Suspicion Nation Read online

Page 11


  DR. DIMAIO: Right, sir.

  JACKSON: And it’s also the GSR that appears on Mr. Spector’s hands are also consistent with him having fired a weapon; isn’t that true?

  DR. DIMAIO: Sure. You can argue it that way if you want.

  JACKSON: But you didn’t tell this jury that in your direct testimony either, did you?

  DR. DIMAIO: (No audible response.)

  JACKSON: Yes or no?

  DR. DIMAIO: No, sir, I did not.

  JACKSON: All right, thank you.65

  Stick a fork in him, he’s done. At that point, it was over for Dr. DiMaio in the Phil Spector case. No such moment came in the Zimmerman case because the prosecutors did not go for the jugular, and did not point out the same half-truths Dr. DiMaio was peddling to the jury on behalf of yet another killer.

  Dr. Bao told me that he very much wanted to be called back to the stand to respond to Dr. DiMaio’s testimony, which he found absurd and refutable. “No one could tell who was on top and who was on the bottom at the time of the shooting” based on the stippling or any other medical evidence, he felt strongly. “We just don’t know.” From the standpoint of science, not knowing is a valid opinion, not one to be laughed off, he insisted. Where there is a lack of evidence, certainty is what’s foolish. In other words, the gunshot residue was consistent with any number of scenarios. He asked the prosecution to call him as a rebuttal witness so that he could respond to Dr. DiMaio’s misstatements of the forensic evidence in the case. They refused to do so.

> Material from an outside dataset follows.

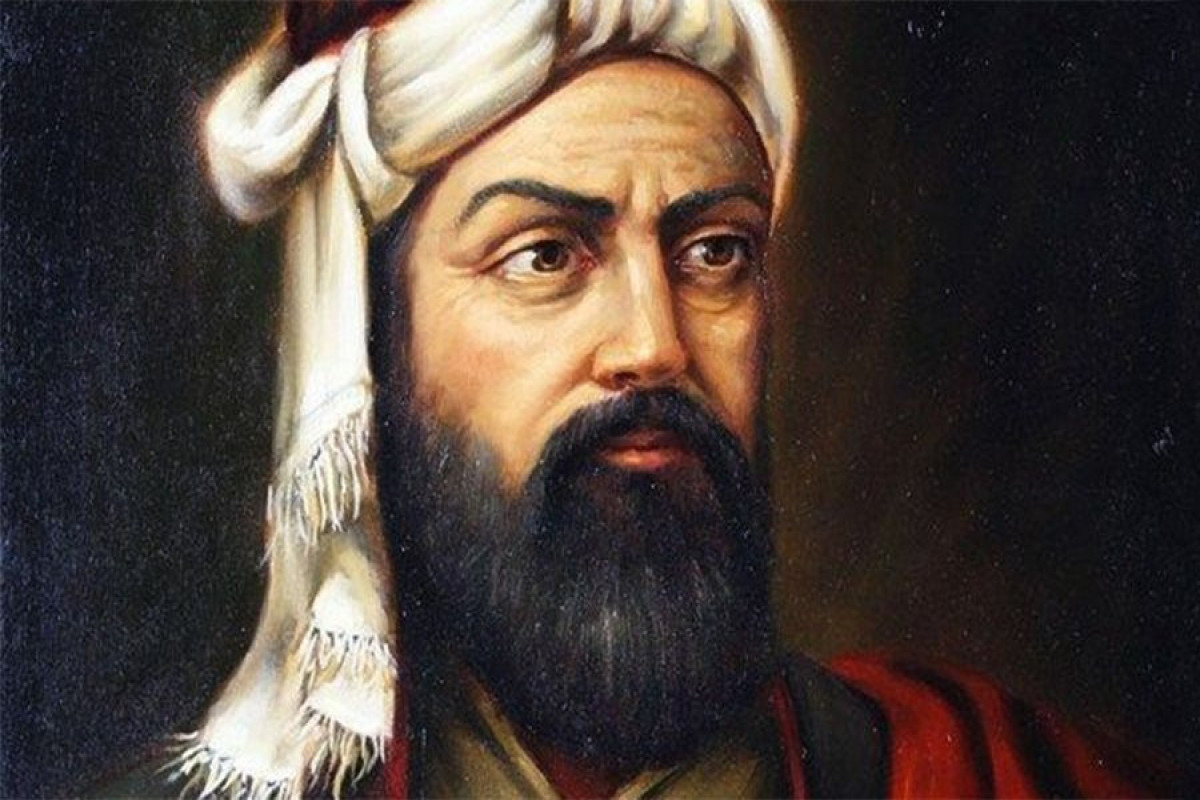 Абу мухаммед ильяс ибн юсуф низами гянджеви ок. 1141 — ок. 1209. азербайджанская литература. зарубежная литература древних эпох, средневековья и возрождения. владимир иванович новиков.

  In closing, the defense, predictably, asked the jury to consider the absence of such a rebuttal witness, asking why the state didn’t have one.

  The state never answered that question.

  FIVE

  The State’s Star Witness, Rachel Jeantel, Is Neutralized

  ONLY TWO WITNESSES in the trial could be said to give voice to Trayvon’s side of the story. The first was the medical examiner, who typically becomes the voice of the silenced victim’s body based on a careful review of the deceased’s remains. He shot me here, the bullet wound cries out, and then I couldn’t move. I wasn’t drunk, the toxicology reports say. I didn’t have my hands on his throat, Trayvon’s blood-free hands, had they been properly bagged on that rainy night, might have said on his behalf. I couldn’t speak, I couldn’t breathe, his lung wounds proclaim. And so on. As we’ve seen, the state and Dr. Bao, in concert, lost that opportunity.

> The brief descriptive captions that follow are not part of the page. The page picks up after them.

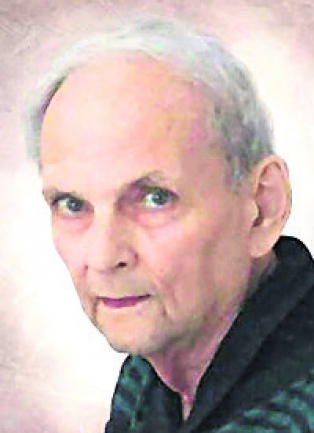 CLOUTIER GILLES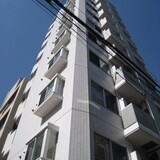 プラムハウス芝公園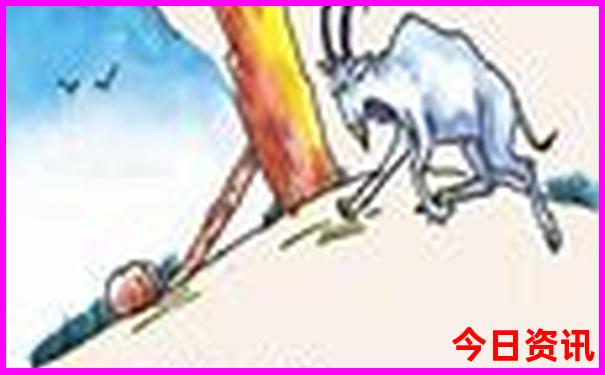 长沙攻略自助游三日游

  The second witness who could speak not for Trayvon’s physical body but for his all-important state of mind was his nineteen-year-old friend, Rachel Jeantel, who had spent five hours in a series of telephone calls with him on the day he was killed, including the final minutes when, she says, Trayvon saw Zimmerman, feared him, ran from him, lost him, and then was confronted by Zimmerman, who reappeared and initiated the physical altercation. She was the state’s most important fact witness at trial and the only one who could come close to presenting Trayvon’s version of what happened that night. Yet like Dr. Bao, she was ill-prepared to testify, spoke in diction that was at times difficult for many to understand, and was all but abandoned by prosecutors, depriving the jury of the essential information she had to offer.

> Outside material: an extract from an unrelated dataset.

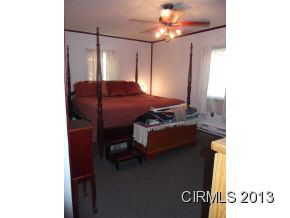1040 E 1050 S, Fairmount, IN 46928 photo 6
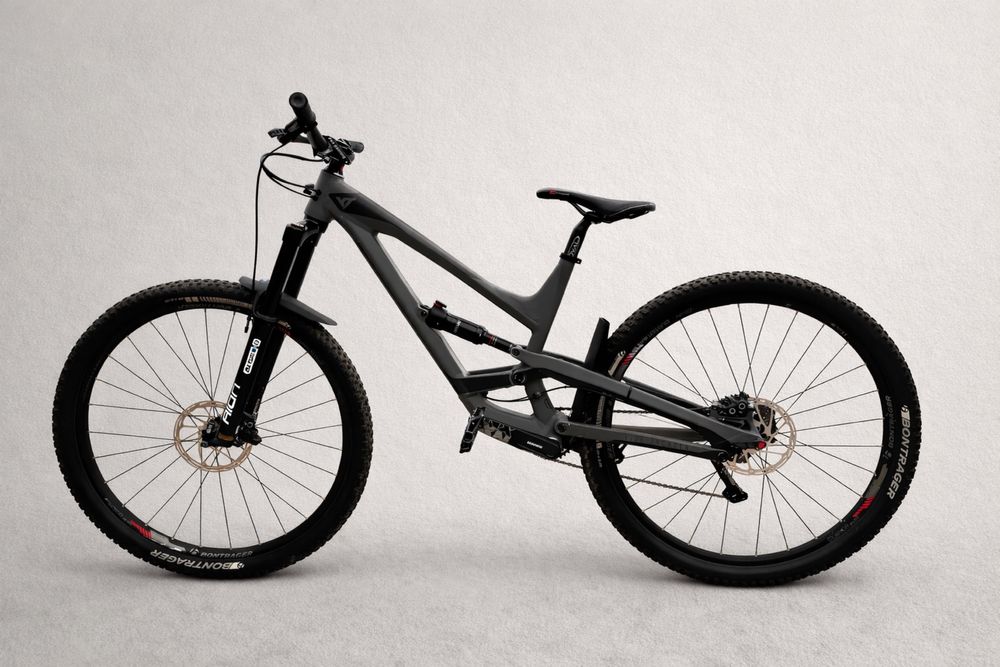 Yt capra  enduro  СПЕШНО!!!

  Every trial lawyer knows that a witness this important requires special attention before and during her testimony. People aren’t just flung into courtrooms, tongue-tied and apprehensive about what they’re supposed to do and say. Witnesses in general require trial preparation, and extra time and patience is needed with those who have never previously testified in court, those who are young, anxious, or reluctant, or who have shown previous problems in testifying (such as at pretrial depositions). Jeantel was all of these. And as the key witness for the state, she should have been prepared energetically and meticulously.

  Prosecutors like to say, “We don’t go down to central casting to choose our witnesses,” a truism through which they hope to separate themselves from witnesses who come across poorly on the stand, embarrassing them. (Though making such a statement in closing arguments is an insult to one’s own witnesses, as we shall see.) But every day in America, prosecutors put drug dealers, gang members, jailhouse snitches, and shackled prison inmates on the stand because their testimony, while imperfect, is crucial to locking up someone else. And they get convictions based on the words of those unsavory characters by preparing the witnesses to testify, educating them on how to put the clearest testimony straightforwardly before the jury, and then getting them off the stand as soon as possible.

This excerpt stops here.